Material shown:
● ● ● ● ● ● ●

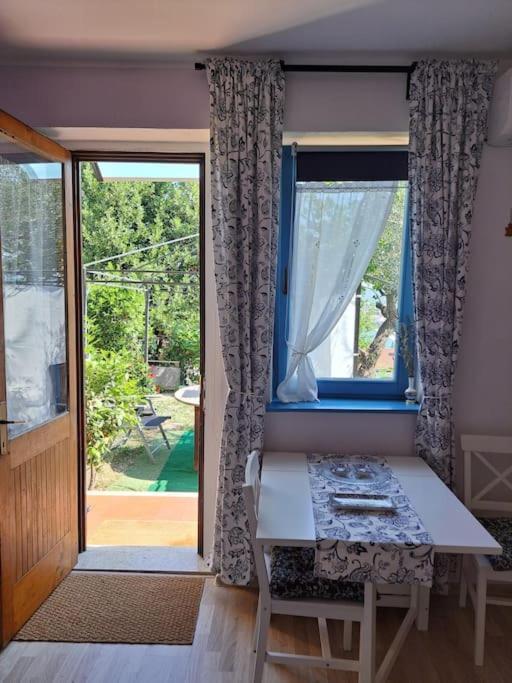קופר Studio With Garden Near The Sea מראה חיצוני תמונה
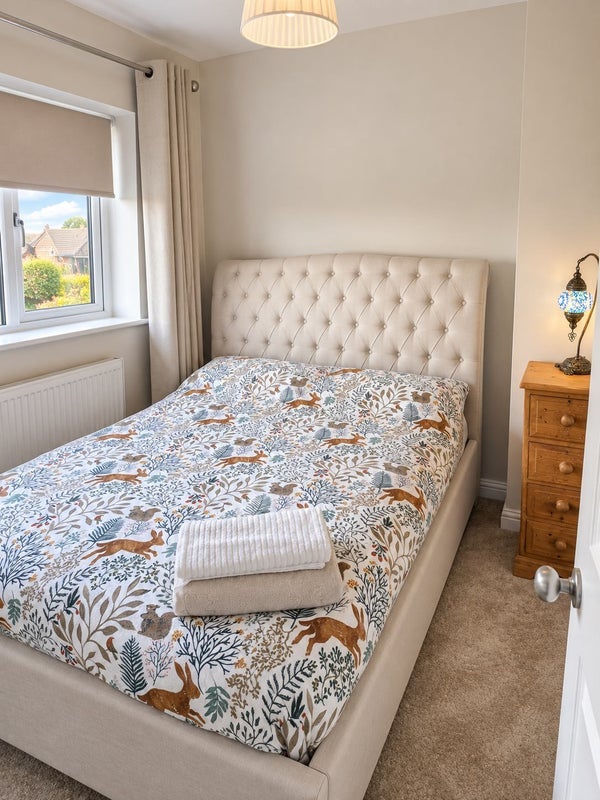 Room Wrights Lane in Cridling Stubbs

● ● ● ● ● ● ●

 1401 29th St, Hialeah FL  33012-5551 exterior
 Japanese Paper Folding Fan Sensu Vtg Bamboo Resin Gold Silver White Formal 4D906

● ● ● ● ● ● ●

Task description: Without the pictures, set down the lines above from the line with "קופר Studio With" up to and including the line with "Room Wrights Lane in Cridling Stubbs" exactly as they stand.

Final answer:
קופר Studio With Garden Near The Sea מראה חיצוני תמונה
 Room Wrights Lane in Cridling Stubbs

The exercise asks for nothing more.